**What the exercise asks**
Faithfully repeat each entry below, minus the pictures.

**Data supplied**
........

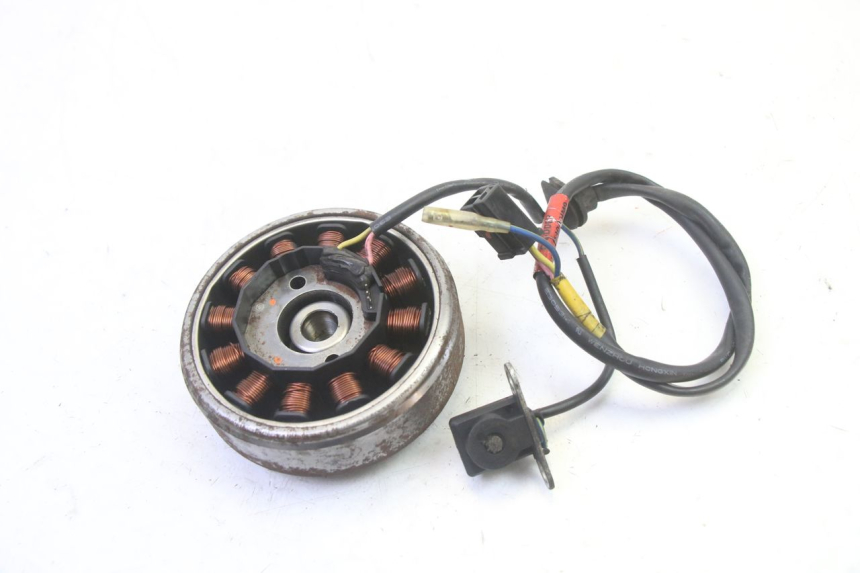 photo de ROTOR ESTATOR KYMCO AGILITY NAKED RENOUVO 2T 50 (2011 - 2018)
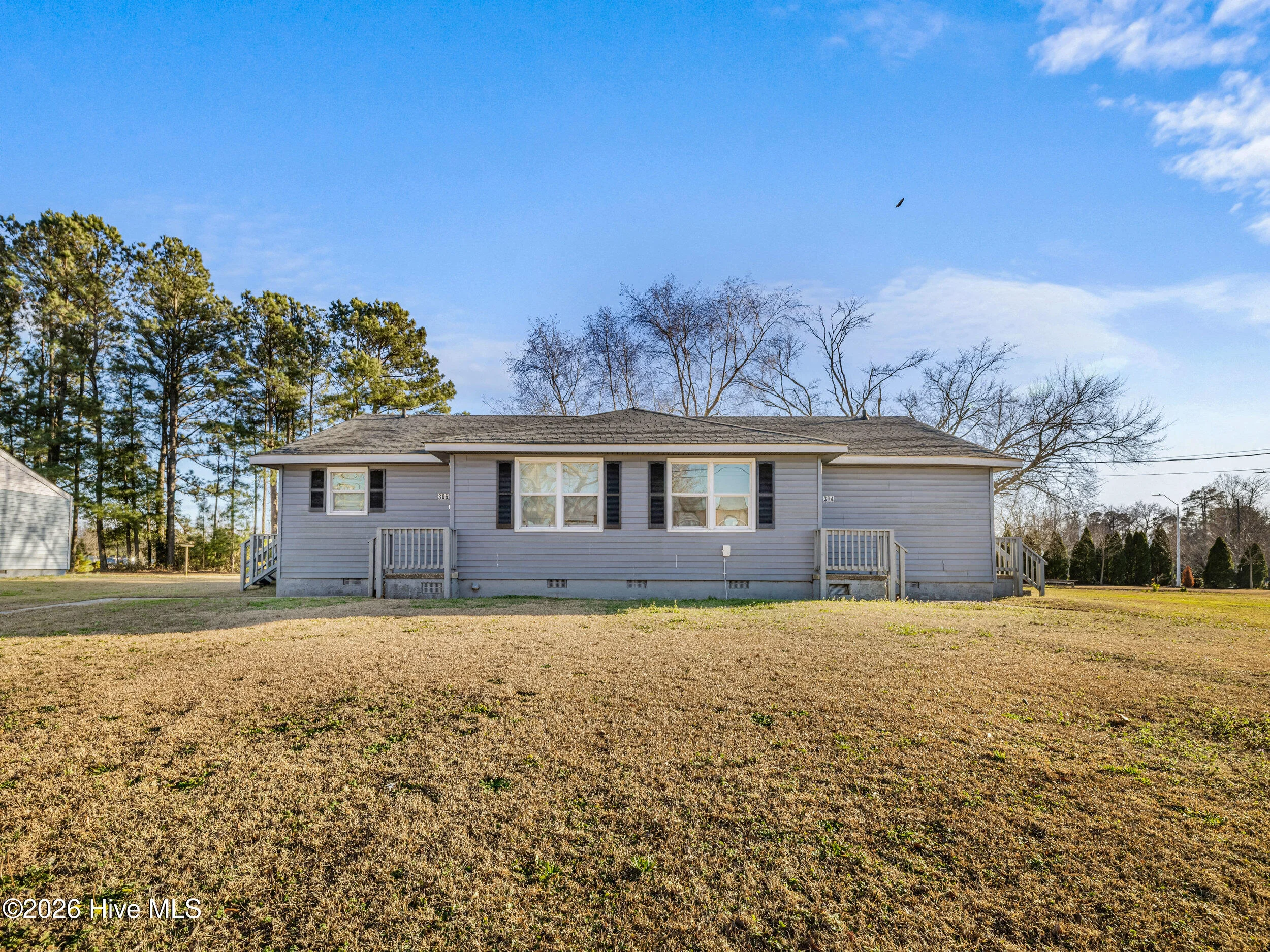 304 Starling Street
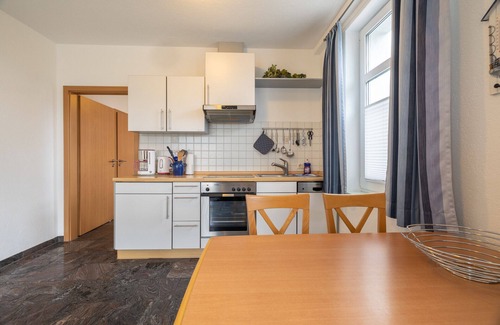 Zingst Apartment | Ferienwohnung/app. für 4 Gäste mit 37m² in Zingst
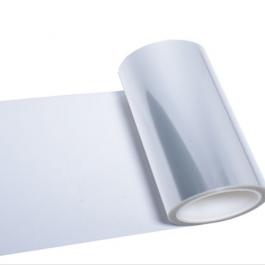 High Temperature Resistance Transparent Polyester Film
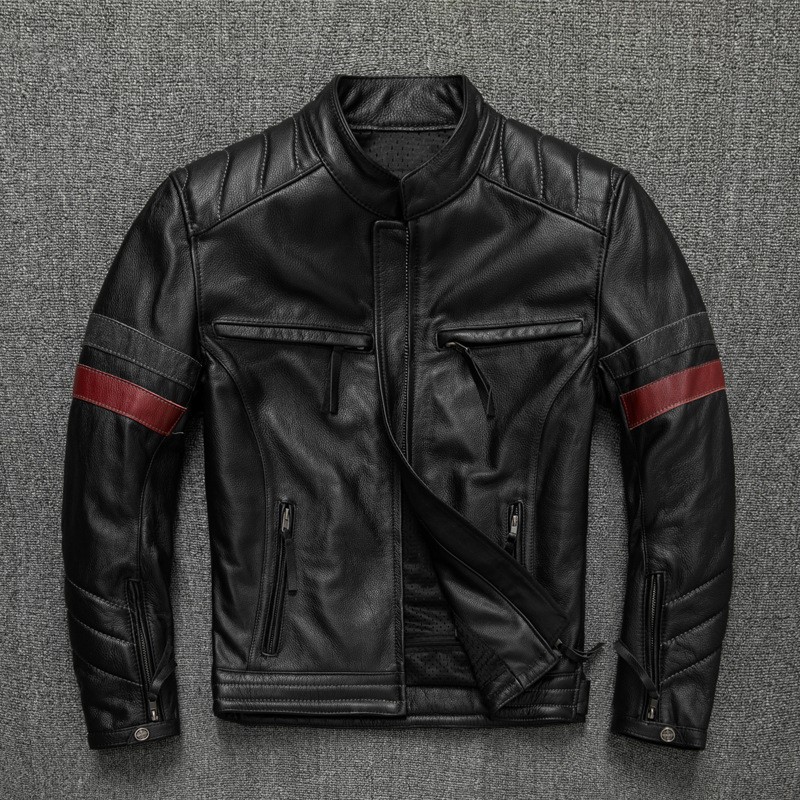 Motorcycle suit pure top-grain - огляд і ціна Cycling Gear Shop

........

**Problem solution**
 photo de ROTOR ESTATOR KYMCO AGILITY NAKED RENOUVO 2T 50 (2011 - 2018)
 304 Starling Street
 Zingst Apartment | Ferienwohnung/app. für 4 Gäste mit 37m² in Zingst
 High Temperature Resistance Transparent Polyester Film
 Motorcycle suit pure top-grain - огляд і ціна Cycling Gear Shop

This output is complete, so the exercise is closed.